◆ YOUR INSTRUCTIONS: Where the line containing "PUFI Fehér gyerekágy" appears below, start there and repeat each line exactly to the end. Leave the pictures out.

'''

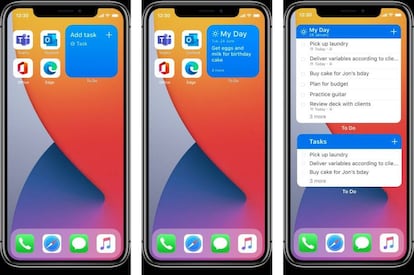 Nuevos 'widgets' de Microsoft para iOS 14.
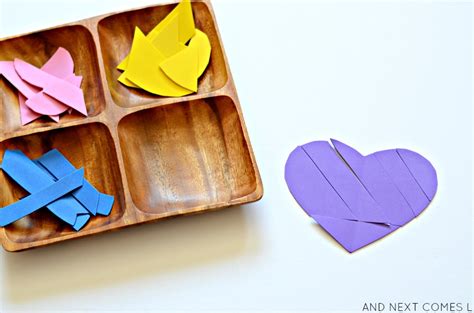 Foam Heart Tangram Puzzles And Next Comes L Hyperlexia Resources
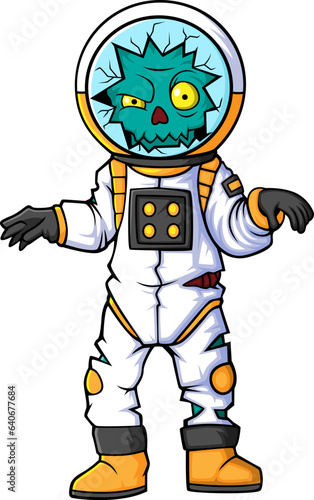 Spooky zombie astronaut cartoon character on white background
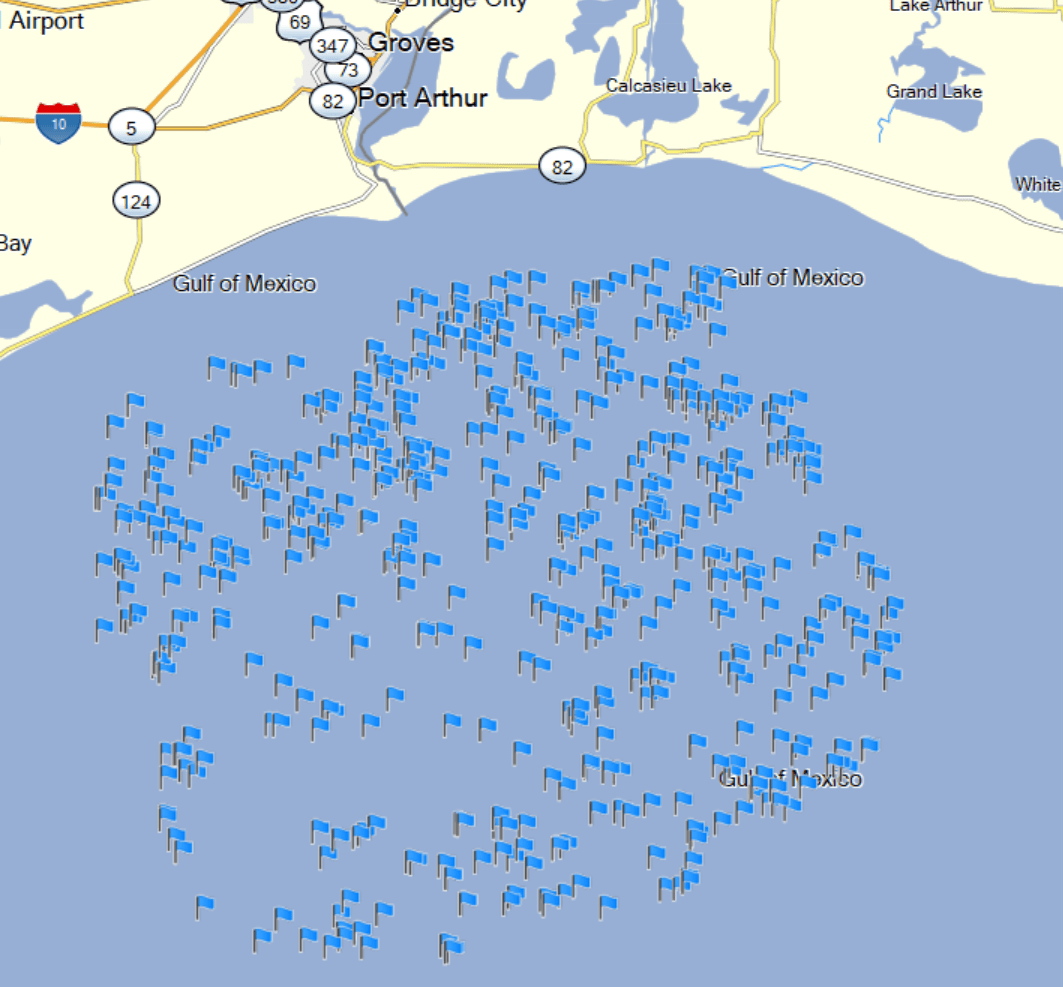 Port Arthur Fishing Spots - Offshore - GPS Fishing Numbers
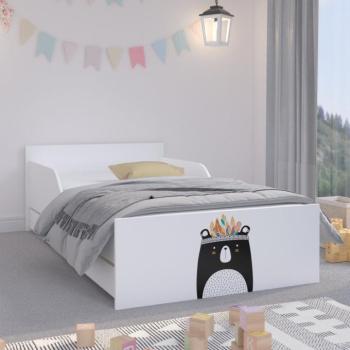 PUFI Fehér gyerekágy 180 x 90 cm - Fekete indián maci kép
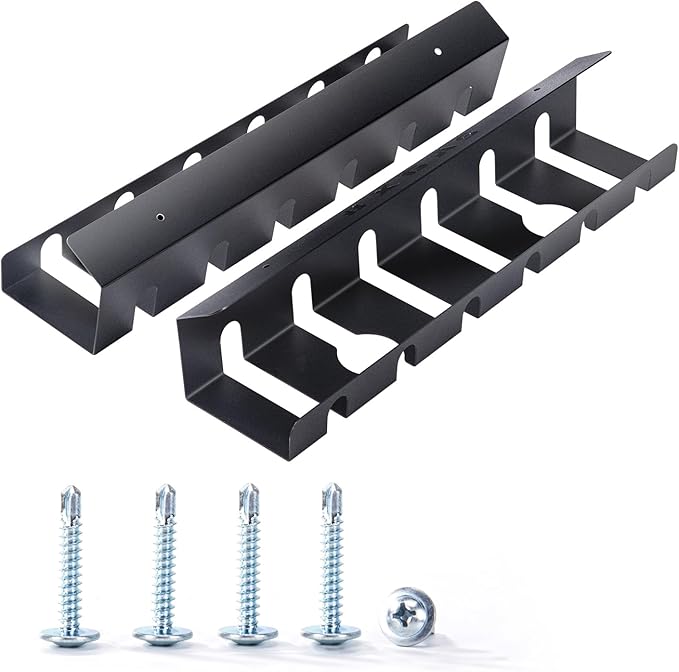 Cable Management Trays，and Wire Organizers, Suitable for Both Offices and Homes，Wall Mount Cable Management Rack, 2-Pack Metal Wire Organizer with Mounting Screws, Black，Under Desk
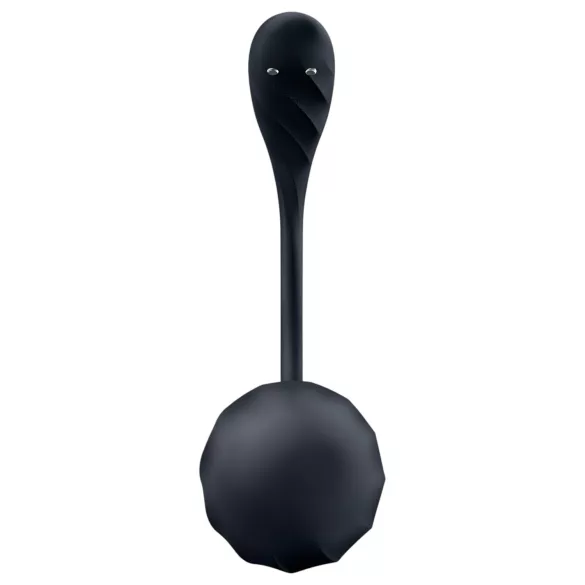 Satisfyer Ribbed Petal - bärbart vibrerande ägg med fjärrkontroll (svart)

'''

◆ YOUR RESPONSE:
 PUFI Fehér gyerekágy 180 x 90 cm - Fekete indián maci kép
 Cable Management Trays，and Wire Organizers, Suitable for Both Offices and Homes，Wall Mount Cable Management Rack, 2-Pack Metal Wire Organizer with Mounting Screws, Black，Under Desk
 Satisfyer Ribbed Petal - bärbart vibrerande ägg med fjärrkontroll (svart)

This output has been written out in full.